With the string "Hart" as the filter, copy each matching line from the records.

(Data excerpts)
****************************************

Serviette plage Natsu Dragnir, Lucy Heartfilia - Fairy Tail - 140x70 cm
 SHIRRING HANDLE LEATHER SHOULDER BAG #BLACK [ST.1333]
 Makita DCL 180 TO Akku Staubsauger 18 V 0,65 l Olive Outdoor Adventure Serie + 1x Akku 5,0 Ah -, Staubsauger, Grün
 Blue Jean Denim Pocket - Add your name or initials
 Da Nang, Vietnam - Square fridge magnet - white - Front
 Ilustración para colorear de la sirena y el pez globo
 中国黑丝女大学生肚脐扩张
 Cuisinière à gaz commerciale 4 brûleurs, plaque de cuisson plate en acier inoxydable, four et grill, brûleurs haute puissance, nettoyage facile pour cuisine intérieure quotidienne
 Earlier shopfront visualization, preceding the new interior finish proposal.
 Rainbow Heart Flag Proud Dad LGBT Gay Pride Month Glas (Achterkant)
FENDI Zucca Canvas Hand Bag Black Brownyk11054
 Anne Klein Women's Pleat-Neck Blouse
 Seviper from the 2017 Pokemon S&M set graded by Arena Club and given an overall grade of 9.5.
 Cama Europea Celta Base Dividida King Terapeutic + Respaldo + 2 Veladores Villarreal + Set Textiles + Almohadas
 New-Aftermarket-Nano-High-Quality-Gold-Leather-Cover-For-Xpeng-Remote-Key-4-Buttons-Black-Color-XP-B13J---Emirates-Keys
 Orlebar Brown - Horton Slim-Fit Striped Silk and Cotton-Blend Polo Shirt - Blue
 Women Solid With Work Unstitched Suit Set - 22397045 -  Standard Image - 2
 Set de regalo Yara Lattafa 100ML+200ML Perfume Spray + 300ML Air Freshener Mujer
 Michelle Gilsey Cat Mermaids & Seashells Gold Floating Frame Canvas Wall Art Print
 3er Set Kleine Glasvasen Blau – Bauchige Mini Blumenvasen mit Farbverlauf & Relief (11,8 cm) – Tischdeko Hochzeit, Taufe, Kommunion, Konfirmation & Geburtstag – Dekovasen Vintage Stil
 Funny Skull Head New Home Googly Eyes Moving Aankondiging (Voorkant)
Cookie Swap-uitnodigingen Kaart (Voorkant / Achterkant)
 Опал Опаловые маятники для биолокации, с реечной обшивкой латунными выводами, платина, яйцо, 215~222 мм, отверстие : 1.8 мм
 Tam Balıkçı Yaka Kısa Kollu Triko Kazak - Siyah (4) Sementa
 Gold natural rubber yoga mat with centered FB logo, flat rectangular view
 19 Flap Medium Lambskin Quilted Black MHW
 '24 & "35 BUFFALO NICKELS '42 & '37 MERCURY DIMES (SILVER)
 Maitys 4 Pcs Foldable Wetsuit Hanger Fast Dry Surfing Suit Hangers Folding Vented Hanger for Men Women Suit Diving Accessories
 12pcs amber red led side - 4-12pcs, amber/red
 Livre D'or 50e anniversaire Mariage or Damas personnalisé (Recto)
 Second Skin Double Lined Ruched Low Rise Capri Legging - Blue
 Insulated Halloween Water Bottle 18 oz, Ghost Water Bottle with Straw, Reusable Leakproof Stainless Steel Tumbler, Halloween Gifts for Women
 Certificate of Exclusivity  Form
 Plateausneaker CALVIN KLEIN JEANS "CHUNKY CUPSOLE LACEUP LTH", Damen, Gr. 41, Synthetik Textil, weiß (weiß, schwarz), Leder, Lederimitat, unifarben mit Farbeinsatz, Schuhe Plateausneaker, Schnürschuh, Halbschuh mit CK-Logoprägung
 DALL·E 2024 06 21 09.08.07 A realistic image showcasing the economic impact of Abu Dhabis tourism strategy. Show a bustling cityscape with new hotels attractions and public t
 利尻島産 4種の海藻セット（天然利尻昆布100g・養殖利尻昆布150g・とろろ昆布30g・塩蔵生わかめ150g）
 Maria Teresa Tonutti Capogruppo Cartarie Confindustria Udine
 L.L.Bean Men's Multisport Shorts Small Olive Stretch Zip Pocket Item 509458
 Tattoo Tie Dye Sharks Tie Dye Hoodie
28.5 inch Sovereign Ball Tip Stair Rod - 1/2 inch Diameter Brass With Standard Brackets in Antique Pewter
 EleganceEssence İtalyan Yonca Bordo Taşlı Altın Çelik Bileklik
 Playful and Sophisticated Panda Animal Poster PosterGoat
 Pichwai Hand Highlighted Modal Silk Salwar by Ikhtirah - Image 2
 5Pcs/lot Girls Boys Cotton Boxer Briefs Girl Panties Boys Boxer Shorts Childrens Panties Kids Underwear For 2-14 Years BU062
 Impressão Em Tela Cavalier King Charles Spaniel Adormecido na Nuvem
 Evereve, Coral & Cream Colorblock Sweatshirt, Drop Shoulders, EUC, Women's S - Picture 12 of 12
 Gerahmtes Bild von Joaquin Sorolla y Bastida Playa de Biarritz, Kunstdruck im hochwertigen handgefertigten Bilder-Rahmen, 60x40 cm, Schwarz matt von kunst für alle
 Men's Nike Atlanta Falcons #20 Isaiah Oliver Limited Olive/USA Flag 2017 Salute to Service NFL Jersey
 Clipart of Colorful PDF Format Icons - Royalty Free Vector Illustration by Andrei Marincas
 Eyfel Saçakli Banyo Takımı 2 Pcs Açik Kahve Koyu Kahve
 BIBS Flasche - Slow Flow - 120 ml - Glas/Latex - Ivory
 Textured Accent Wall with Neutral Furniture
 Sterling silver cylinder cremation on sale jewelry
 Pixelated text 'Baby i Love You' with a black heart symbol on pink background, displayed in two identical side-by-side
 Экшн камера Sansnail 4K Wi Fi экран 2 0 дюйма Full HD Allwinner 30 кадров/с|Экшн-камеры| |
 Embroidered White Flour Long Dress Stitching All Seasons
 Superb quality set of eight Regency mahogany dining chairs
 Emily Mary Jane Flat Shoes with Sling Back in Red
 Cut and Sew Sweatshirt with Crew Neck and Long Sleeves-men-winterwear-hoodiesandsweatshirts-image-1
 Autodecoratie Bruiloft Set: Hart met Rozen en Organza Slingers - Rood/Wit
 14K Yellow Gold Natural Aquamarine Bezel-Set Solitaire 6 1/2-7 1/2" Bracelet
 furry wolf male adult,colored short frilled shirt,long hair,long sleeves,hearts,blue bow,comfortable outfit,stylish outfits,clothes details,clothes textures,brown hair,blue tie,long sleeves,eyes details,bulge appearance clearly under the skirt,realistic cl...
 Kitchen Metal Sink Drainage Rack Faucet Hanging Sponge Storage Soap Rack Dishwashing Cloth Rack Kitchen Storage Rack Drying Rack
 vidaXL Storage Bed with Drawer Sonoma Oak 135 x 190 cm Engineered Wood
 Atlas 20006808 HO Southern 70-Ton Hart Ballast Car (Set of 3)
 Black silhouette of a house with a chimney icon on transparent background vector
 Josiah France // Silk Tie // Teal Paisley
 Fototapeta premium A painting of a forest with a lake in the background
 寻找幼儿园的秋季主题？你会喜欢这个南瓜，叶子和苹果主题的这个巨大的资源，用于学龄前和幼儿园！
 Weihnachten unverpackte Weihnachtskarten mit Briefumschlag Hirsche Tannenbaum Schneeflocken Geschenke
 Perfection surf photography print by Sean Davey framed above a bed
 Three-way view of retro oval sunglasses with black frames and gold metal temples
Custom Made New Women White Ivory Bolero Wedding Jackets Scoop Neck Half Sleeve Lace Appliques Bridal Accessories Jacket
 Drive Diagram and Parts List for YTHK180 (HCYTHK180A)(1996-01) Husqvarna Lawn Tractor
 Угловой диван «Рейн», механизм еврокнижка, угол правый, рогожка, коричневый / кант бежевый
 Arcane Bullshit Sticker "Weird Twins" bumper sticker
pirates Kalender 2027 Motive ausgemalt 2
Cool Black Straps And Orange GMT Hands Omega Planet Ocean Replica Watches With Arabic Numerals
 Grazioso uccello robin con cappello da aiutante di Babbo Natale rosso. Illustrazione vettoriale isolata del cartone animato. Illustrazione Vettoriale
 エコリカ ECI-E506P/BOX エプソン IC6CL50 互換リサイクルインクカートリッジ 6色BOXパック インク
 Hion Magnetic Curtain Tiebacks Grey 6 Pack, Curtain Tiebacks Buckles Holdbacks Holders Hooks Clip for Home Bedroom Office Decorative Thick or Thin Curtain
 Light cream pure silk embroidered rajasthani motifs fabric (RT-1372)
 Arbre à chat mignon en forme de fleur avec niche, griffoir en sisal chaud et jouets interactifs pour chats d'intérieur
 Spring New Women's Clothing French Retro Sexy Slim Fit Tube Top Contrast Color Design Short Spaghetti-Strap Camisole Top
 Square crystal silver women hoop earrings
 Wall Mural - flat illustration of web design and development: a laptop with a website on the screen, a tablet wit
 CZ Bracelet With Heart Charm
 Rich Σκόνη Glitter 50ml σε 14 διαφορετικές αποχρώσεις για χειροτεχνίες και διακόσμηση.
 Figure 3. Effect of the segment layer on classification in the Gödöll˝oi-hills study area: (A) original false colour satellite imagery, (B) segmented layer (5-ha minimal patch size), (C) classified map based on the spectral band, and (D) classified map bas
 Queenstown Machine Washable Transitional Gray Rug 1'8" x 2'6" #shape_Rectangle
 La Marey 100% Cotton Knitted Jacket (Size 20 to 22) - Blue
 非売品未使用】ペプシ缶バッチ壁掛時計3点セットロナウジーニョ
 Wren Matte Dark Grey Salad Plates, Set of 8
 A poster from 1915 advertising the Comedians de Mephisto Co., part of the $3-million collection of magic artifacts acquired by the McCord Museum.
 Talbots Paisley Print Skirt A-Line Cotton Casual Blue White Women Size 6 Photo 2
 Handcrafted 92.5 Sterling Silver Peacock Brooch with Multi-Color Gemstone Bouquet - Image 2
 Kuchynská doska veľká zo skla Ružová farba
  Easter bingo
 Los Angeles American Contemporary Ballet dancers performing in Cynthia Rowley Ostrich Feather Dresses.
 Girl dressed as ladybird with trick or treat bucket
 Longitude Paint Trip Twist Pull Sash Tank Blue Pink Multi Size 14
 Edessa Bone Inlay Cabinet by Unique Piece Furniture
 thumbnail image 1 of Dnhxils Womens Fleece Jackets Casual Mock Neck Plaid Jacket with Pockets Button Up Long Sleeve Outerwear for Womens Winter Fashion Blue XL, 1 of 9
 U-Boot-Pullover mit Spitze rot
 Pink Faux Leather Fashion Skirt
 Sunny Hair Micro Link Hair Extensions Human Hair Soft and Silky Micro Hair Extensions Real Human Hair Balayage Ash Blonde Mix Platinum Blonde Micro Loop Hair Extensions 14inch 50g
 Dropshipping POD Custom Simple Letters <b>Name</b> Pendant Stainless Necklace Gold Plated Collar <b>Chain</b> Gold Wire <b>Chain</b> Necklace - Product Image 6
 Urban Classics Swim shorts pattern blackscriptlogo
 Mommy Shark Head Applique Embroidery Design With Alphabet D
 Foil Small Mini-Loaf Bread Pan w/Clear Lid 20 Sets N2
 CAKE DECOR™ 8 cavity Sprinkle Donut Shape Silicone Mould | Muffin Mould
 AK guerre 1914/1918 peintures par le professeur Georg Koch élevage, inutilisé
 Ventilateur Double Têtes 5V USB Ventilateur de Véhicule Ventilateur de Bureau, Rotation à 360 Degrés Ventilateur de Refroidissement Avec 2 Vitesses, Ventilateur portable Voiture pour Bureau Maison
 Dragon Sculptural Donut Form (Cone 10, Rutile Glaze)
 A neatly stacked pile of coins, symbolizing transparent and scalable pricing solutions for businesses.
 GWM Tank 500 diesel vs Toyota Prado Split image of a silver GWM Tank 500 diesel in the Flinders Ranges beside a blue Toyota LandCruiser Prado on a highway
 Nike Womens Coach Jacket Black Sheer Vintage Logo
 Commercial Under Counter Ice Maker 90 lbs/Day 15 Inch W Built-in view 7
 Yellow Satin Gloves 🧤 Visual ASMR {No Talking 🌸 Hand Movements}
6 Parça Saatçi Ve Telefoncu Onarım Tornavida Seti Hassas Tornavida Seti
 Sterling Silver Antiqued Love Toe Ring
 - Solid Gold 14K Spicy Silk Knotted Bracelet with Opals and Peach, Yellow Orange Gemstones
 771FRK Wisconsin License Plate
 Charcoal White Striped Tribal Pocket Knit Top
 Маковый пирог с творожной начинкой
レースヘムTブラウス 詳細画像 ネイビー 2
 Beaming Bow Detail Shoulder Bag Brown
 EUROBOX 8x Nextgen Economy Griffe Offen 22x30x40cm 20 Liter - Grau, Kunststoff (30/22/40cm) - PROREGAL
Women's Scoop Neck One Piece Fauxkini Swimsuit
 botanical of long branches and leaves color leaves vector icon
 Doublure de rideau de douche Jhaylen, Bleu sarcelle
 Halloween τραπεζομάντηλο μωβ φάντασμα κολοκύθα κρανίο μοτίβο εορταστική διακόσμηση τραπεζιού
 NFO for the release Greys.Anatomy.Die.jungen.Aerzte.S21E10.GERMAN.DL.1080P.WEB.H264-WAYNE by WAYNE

****************************************

• **OUTPUT OF THE TASK**
 Autodecoratie Bruiloft Set: Hart met Rozen en Organza Slingers - Rood/Wit
 Atlas 20006808 HO Southern 70-Ton Hart Ballast Car (Set of 3)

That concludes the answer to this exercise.